Chapter 9 Markov processes

Learning Objectives

State the essential features of a Markov process model.
Define a Poisson process, derive the distribution of the number of events in a given time interval, derive the distribution of inter-event times, and apply these results.
Derive the Kolmogorov equations for a Markov process with time independent and time/age dependent transition intensities.
Solve the Kolmogorov equations in simple cases.
State the Kolmogorov equations for a model where the transition intensities depend not only on age/time, but also on the duration of stay in one or more states.
Describe sickness and marriage models in terms of duration dependent Markov processes and describe other simple applications.
Demonstrate how Markov jump processes can be used as a tool for modelling and how they can be simulated.

Theory

9.0.1 Chapter: Markov Processes (Syllabus Objectives 3.3.1 - 3.3.8)

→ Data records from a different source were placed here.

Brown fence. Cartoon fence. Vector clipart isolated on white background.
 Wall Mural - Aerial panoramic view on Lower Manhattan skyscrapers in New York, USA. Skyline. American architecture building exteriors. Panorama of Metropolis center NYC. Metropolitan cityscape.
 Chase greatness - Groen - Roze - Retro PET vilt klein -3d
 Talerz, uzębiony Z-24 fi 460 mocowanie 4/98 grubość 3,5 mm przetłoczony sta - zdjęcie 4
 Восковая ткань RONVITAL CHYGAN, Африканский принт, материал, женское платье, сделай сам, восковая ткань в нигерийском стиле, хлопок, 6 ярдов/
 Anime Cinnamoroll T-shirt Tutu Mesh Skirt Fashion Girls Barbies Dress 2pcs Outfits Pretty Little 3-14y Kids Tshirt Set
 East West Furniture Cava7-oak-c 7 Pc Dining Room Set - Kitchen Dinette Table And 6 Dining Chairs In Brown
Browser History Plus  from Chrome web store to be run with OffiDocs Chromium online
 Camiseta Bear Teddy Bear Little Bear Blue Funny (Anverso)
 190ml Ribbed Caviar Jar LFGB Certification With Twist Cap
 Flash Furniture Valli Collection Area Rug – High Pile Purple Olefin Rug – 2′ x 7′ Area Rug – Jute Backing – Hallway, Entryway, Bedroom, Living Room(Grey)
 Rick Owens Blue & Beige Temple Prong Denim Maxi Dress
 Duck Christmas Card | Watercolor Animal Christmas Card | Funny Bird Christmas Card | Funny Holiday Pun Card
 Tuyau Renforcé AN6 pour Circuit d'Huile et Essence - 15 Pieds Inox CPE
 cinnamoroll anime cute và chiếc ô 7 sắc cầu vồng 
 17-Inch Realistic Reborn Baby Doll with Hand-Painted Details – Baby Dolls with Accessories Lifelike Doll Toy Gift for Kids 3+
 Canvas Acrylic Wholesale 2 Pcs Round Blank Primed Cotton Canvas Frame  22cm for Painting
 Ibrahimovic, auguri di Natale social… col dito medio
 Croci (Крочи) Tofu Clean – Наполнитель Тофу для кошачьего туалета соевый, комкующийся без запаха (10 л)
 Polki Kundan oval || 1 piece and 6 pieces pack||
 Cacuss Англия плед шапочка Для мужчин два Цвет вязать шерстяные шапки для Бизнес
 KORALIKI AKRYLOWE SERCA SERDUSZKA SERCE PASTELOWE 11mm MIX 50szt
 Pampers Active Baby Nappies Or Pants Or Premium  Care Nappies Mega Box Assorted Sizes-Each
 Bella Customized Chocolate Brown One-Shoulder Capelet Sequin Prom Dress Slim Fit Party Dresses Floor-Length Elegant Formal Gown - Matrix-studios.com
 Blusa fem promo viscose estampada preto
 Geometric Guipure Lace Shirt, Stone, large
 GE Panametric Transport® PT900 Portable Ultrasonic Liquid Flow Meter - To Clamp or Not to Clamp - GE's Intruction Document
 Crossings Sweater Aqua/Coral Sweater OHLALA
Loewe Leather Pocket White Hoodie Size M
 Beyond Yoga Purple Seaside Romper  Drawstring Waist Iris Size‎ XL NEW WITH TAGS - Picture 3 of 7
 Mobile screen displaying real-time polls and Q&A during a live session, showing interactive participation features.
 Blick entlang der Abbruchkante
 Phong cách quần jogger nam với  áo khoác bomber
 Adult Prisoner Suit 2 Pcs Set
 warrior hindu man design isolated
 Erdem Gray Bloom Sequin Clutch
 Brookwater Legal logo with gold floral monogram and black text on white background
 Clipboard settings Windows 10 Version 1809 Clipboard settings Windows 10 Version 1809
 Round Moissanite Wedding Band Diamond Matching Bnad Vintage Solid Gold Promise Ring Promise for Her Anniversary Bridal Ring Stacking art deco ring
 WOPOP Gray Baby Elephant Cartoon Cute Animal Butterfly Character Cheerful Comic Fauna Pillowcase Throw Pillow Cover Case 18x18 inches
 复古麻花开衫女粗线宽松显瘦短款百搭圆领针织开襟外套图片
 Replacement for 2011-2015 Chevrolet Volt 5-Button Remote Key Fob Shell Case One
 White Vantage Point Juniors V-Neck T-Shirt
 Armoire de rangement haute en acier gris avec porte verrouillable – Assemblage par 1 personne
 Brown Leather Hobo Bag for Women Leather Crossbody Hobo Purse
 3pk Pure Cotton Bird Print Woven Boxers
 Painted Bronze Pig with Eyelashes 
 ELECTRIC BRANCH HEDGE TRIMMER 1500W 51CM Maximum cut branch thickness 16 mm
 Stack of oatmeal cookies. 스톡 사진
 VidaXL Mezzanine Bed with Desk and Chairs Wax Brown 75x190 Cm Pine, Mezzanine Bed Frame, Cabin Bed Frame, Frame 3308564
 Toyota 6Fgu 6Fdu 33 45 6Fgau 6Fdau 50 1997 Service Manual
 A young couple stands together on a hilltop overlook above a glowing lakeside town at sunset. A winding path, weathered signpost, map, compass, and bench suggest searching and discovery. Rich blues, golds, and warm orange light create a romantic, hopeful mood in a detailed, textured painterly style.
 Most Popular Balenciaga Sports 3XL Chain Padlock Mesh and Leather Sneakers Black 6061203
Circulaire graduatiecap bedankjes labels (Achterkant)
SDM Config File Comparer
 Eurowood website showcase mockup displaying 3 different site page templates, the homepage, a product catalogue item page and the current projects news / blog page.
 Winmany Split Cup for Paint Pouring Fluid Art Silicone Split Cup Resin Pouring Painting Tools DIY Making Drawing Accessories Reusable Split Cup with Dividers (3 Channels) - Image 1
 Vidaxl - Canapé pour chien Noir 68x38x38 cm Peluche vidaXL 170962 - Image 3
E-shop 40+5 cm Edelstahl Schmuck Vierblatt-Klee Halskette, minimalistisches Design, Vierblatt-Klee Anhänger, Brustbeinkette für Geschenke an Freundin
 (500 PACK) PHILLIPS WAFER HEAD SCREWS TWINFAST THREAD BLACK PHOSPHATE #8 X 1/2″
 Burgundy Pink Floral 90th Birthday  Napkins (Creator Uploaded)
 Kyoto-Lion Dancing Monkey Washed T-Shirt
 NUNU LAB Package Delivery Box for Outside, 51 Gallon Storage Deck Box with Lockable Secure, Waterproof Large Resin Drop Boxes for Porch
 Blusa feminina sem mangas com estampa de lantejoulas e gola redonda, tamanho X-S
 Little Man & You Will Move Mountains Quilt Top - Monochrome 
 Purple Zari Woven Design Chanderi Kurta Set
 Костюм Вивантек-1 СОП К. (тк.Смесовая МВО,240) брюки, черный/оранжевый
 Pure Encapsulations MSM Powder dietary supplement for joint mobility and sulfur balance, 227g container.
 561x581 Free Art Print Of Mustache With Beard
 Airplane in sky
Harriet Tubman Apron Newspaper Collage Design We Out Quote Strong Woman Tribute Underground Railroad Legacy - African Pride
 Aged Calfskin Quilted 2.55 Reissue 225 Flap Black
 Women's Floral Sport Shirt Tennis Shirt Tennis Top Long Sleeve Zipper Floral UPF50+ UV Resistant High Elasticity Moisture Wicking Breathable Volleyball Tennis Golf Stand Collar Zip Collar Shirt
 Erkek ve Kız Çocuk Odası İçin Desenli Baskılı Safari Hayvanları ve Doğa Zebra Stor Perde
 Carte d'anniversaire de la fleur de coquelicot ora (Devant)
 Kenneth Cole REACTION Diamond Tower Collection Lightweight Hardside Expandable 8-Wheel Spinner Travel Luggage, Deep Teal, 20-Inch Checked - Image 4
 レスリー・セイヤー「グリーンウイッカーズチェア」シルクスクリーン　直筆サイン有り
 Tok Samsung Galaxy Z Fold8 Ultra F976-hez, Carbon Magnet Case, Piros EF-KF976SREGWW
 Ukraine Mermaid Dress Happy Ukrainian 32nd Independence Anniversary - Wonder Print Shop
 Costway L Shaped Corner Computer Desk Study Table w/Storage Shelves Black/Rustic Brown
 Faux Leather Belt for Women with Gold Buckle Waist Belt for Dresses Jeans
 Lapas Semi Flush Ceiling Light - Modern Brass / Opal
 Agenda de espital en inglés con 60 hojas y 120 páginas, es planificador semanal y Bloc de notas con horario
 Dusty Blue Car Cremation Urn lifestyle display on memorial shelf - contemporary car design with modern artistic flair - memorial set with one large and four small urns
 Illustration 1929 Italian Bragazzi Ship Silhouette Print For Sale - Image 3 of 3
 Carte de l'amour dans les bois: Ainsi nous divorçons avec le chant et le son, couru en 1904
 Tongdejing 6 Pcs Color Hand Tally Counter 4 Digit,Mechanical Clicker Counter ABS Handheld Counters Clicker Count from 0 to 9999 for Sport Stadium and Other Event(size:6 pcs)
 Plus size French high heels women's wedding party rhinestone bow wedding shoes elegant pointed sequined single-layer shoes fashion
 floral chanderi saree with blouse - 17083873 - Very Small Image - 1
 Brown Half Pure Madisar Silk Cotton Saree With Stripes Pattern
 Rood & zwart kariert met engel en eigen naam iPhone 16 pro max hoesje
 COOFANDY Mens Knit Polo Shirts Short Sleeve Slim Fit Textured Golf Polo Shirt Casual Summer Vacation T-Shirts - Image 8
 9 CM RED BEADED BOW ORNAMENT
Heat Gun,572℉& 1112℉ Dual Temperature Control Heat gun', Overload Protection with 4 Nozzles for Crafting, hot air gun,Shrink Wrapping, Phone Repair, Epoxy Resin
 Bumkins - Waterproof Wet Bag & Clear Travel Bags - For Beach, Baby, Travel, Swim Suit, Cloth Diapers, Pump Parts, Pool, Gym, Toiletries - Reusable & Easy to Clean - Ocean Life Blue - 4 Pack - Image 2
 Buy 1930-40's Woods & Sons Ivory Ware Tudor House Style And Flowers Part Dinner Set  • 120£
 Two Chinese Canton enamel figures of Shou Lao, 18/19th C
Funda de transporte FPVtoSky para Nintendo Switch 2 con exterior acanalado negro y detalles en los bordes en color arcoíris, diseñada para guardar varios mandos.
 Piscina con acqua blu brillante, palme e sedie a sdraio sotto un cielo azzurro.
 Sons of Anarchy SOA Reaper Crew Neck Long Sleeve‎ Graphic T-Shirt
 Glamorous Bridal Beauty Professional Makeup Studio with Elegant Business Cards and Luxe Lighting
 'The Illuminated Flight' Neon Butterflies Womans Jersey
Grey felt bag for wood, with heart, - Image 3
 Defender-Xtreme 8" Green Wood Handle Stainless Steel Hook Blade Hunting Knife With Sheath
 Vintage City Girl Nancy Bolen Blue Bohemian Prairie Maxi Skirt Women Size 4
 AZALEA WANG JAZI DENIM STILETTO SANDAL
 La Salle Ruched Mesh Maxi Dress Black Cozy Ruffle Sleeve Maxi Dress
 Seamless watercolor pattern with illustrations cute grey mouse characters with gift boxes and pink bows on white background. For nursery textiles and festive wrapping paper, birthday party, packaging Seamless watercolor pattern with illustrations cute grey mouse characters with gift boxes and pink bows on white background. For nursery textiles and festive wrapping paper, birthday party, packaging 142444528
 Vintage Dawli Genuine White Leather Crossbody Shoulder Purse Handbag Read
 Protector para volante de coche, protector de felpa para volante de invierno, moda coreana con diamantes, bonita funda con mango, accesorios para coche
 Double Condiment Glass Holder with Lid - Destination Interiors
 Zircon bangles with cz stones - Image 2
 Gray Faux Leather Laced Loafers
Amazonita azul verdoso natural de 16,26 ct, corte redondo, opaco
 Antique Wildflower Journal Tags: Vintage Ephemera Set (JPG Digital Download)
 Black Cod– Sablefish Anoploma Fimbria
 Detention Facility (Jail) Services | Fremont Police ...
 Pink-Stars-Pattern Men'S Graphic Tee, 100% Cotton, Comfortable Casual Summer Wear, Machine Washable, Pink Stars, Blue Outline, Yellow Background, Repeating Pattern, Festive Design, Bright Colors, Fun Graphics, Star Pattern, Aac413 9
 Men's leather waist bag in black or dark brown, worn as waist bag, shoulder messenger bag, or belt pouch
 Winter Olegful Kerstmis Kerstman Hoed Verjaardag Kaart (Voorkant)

This section is vital, contributing significantly to the “Stochastic processes” syllabus topic, which holds a substantial 25% weighting in your CS2 assessment. Markov processes, particularly Markov jump processes, are continuous-time models of phenomena that evolve randomly over time, driven by their defining Markov property.

9.0.1.1 Objective 1: State the essential features of a Markov process model.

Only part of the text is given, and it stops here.